Fiducia incondizionata a Longanesi

E sul longanesi, che potete scoprire leggendo il nostro articolo, Tenuta Uccellina ha investito molto delle sue risorse e speranze. “La caratteristica più unica che rara del longanesi è quella di essere un vino rosso che si esprime molto bene in pianura. E nella nostra area di pianura ne abbiamo molta e avevamo bisogno proprio di un vitigno di questo tipo. Io ne sono particolarmente orgoglioso. E’ impensabile trovare un vino di questa potenza e di questo spessore, in una zona completamente pianeggiante. Storicamente questa zona era adibita a produzioni vitivinicole destinate al consumo di massa. Questa varietà, lavorata in una certa maniera, ci ha stravolto tutto. Per fortuna nel 1998 c’è stata una rivalutazione del Longanesi, e mio padre ha subito abbracciato la volontà di ottenere qualcosa di importante da questa uva”.

Un vitigno che richiede un lavoro particolare. La sua forza, il carattere devono essere addomesticati. Solo così se ne evidenzia il potenziale. Hermes Rusticali si ricorda che per arrivare a questo equilibrio sono state necessarie prove, errori, sconfitte ed infine il successo. “Inizialmente si lavorava un pò come una normale uva rossa. La varietà in questione ha però un apporto tannico veramente elevato. Per certi versi esuberante. Ricordo i primi anni ottenevamo dei vini che erano molto sgarbati. Era necessario trovare la giusta via per equilibrarlo. Inizialmente si era pensato all’utilizzo della barrique per addomesticarlo, ma dopo pochi anni siamo passati alla botte grande. Ma sicuramente ciò che ci ha aiutato di più è stata la tecnica dell’appassimento.”

Anni di lavoro e sperimentazioni che i viticoltori hanno portato avanti in simbiosi con il consorzio , come ci tiene a sottolineare il giovane enologo di Tenuta Uccellina “Il consorzio si è dotato di un disciplinare proprio che ci obbliga ad appassire almeno il 50% delle uve destinate al Burson etichetta nera. In aggiunta richiede un affinamento in legno di altri due anni. Ma noi di Tenuta uccellina per li Burson facciamo un appassimento del 100% dell’uva per un periodo che va dai 40 ai 50 giorni. E lasciamo il vino  in botte grande di legno per 48 mesi.
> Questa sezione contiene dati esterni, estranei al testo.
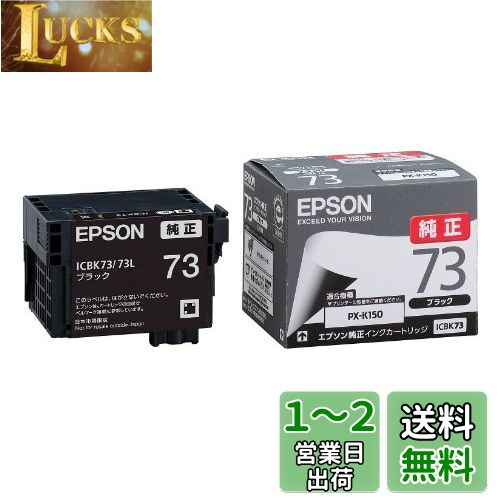 エプソン EPSON 純正インクカートリッジ ICBK73 ブラック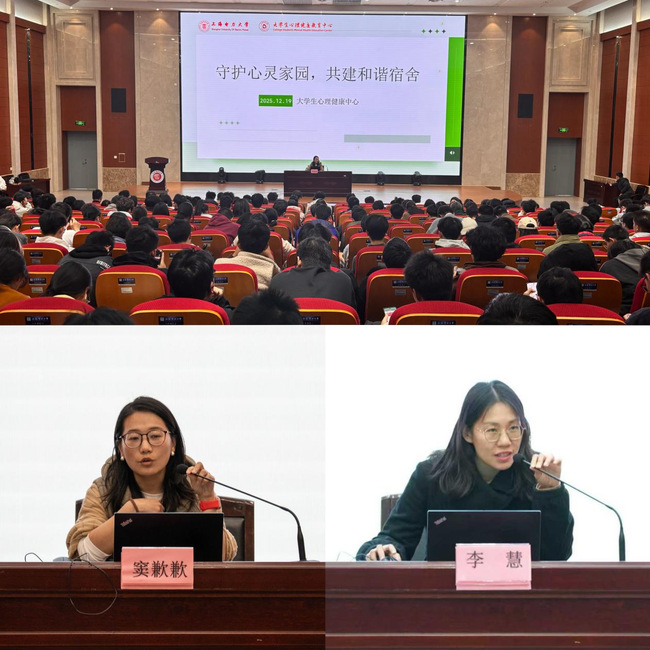 我校“一站式”学生社区“主理人行动”举办寝室长专题培训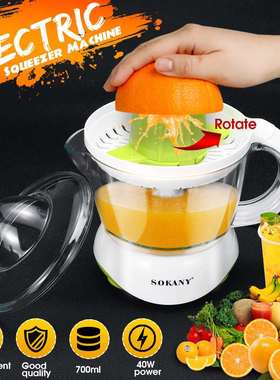 德国SOKANY601D家用便携式电动榨橙汁机柳橙柠檬机榨汁机橙子橘子
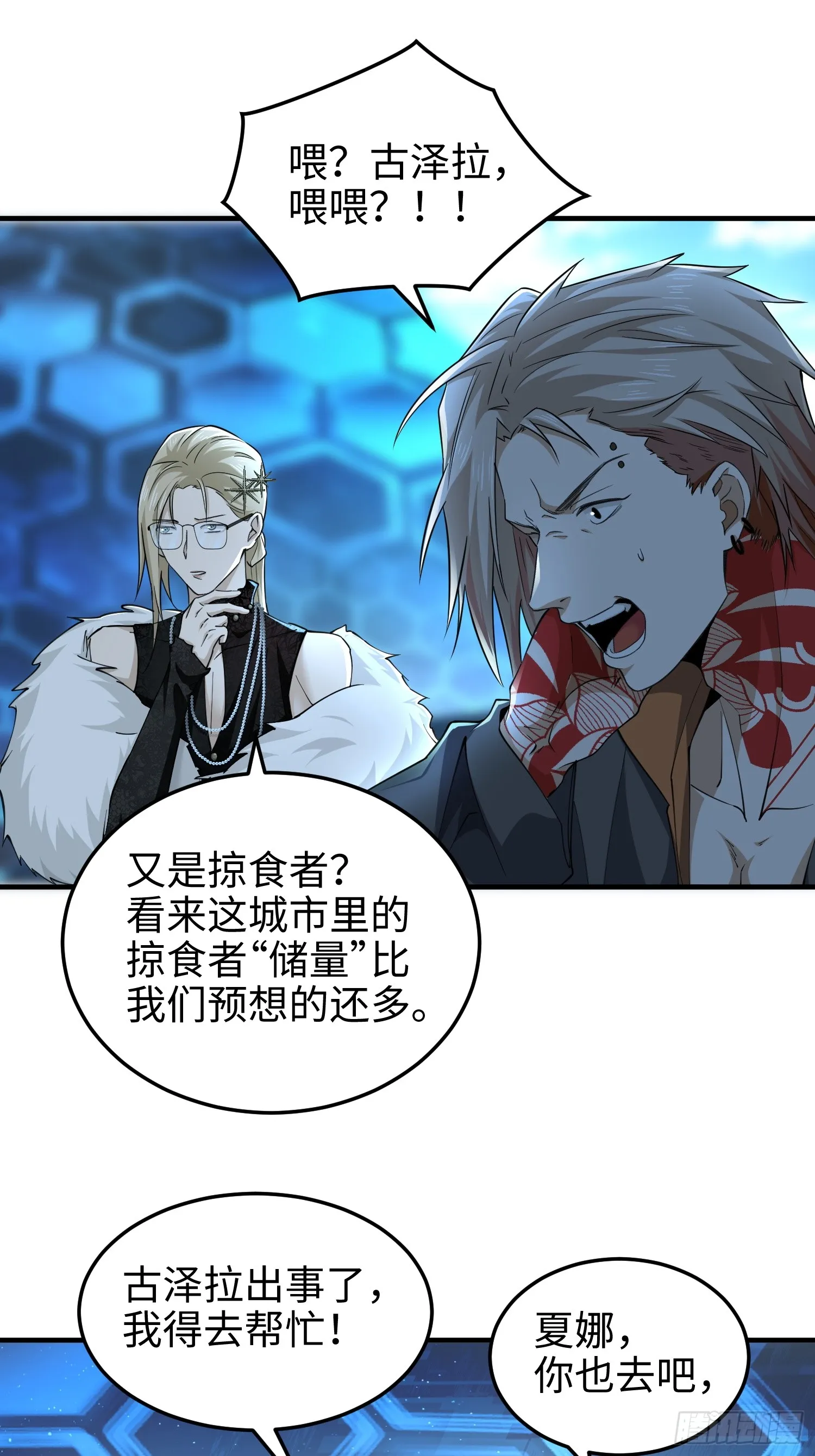 第六十七话 现场手术 第31页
Da alcuni anni ci siamo dotati di un magazzino a temperature e umidità controllata, con strumenti di ultima generazione per eseguire queste operazioni.”

Burson Tenuta Uccellina

Il Burson di Tenuta Uccellina

Il risultato è vino straordinario nella sua unicità “Otteniamo un vino che mantiene comunque una bella acidità, molto secco ma soprattutto ha un lunga longevità. Abbiamo assaggiato poco tempo fa una bottiglia dell’annata 2005 ed era in splendida forma.”
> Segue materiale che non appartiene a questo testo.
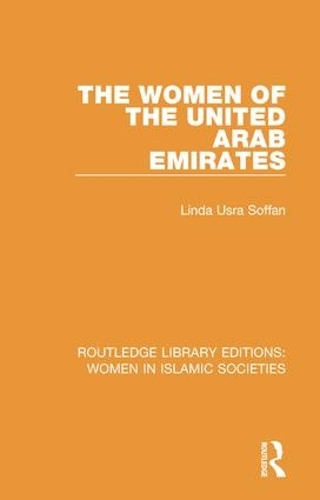 Паперова книга «The Women of the United Arab Emirates» - фото №1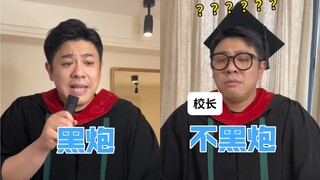 Jika aku bisa menyanyikan rap di upacara wisudaku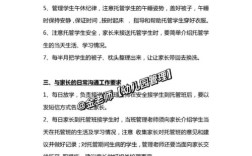 辅导班教师规范具体如何落地执行？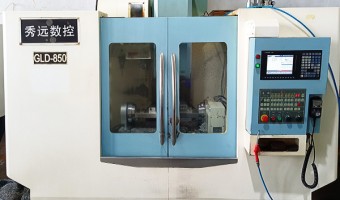 行业资讯-江门市秀远精密数控有限公司-在CNC加工编程中安全高度的设定有什么原则？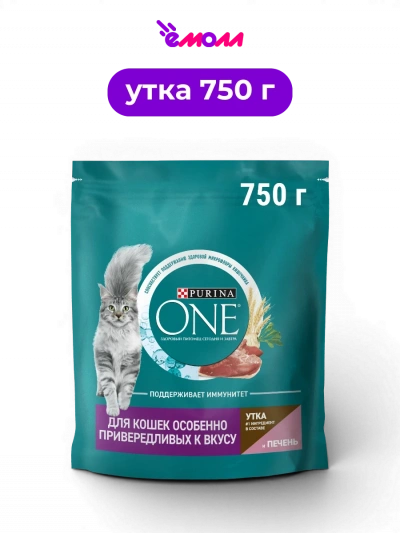 Purina ONE сухой полнорационный корм для взрослых кошек особенно привередливых к вкусу с уткой и печенью 750 г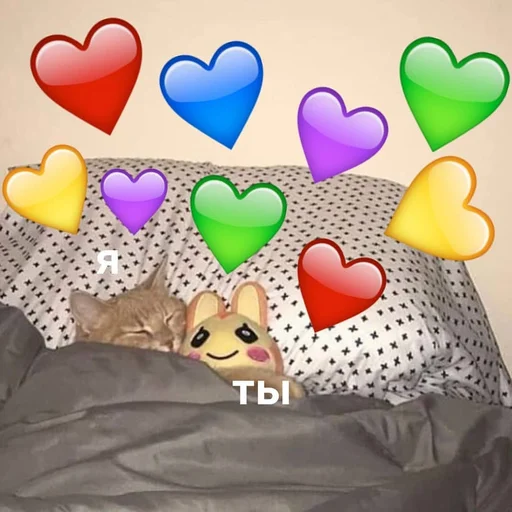 Стикерпак 💕💕💕 для Telegram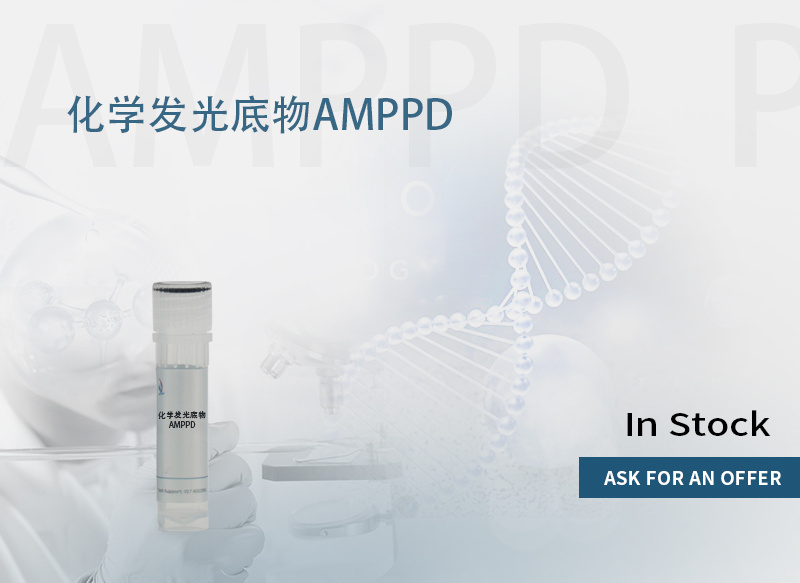 化学发光底物AMPPD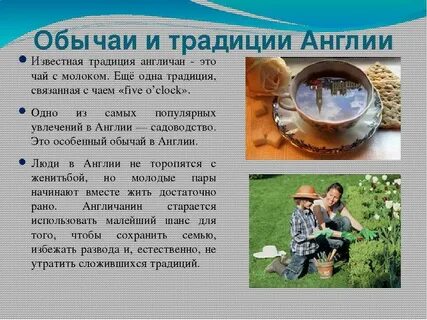 Традиция что это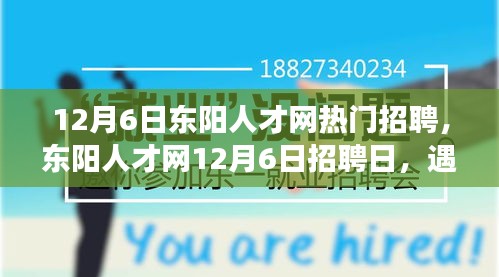 東陽人才網(wǎng)12月6日招聘日，遇見與重逢的溫暖故事，職場(chǎng)溫暖時(shí)刻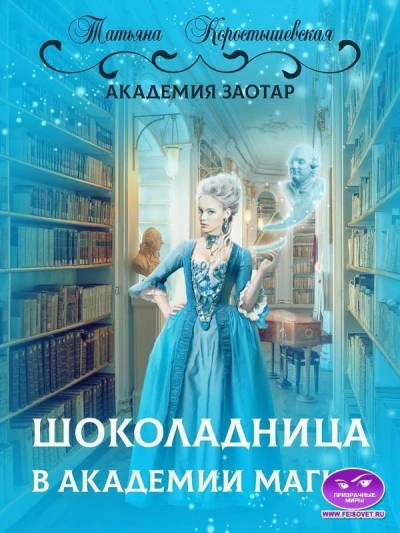 Шоколадница в Академии магии - Татьяна Коростышевская - Слушать Любимую Книгу + Без Рекламы 📲 Slushat-Knigi.Com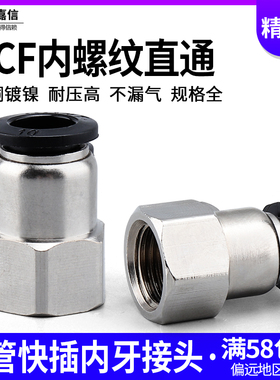 气动黑色气管快插快速接头PCF4-M5/6-01/8-02/10-03/12内螺纹直通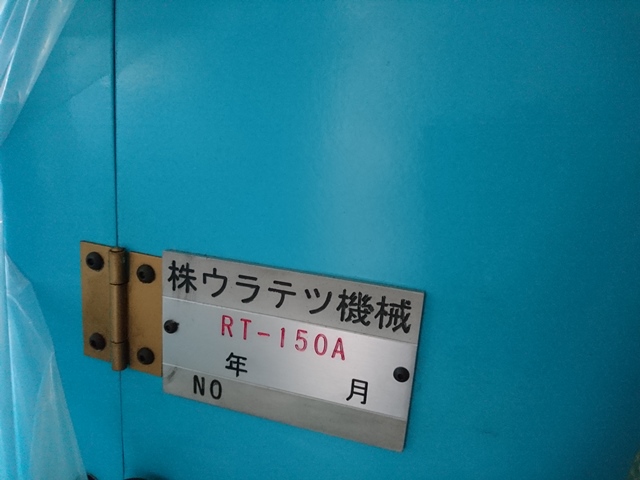ウラテツ スロッター RT-150A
Per soddisfare i nasi e i palati di degustatori che chiedono meno complessità e più bevibilità, il consorzio ha pensato, negli anni, di lavorare su una versione del Burson più pronta nel breve periodo. E che esaltasse il frutto limitandone l’impatto ostico in giovane età. Facciamo riferimento al Burson etichetta Blu. “Per il Burson etichetta blu facciamo una lavorazione che ci consente di ottenere più rapidamente un vino sicuramente meno impegnativo ma gradevole alla bevuta. In pratica facciamo una macerazione prefermentativa a freddo.
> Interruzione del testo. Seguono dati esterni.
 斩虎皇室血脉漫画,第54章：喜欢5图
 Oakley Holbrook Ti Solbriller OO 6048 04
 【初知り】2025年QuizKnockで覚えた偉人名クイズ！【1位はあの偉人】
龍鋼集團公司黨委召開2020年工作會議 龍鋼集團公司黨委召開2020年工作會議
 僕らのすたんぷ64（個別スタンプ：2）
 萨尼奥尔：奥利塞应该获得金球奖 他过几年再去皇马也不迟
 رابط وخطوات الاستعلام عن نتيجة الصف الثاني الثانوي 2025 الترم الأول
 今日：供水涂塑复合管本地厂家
Dopo la raccolta mettiamo subito l’uva in vasca, abbattiamo la temperatura, lasciamo macerare con le bucce per tre giorni, dopodichè sviniamo. In questo modo non parte la vinificazione, è ancora mosto, e manteniamo le caratteristiche olfattive del vitigno ma senza presenza tannica. Da questa lavorazione otteniamo un 2/3 del vino che va in bottiglia. L’altro terzo lo otteniamo da una vinificazione normale. Questa combinazione permette di aggiungere al vino finale solo un terzo della carica tannica totale dell’intera uva.”.

Potete immaginare quanto sia forte la carica di questo vitigno, dato che solo un terzo dello stesso riesce a trasmettere le sue caratteristiche organolettiche.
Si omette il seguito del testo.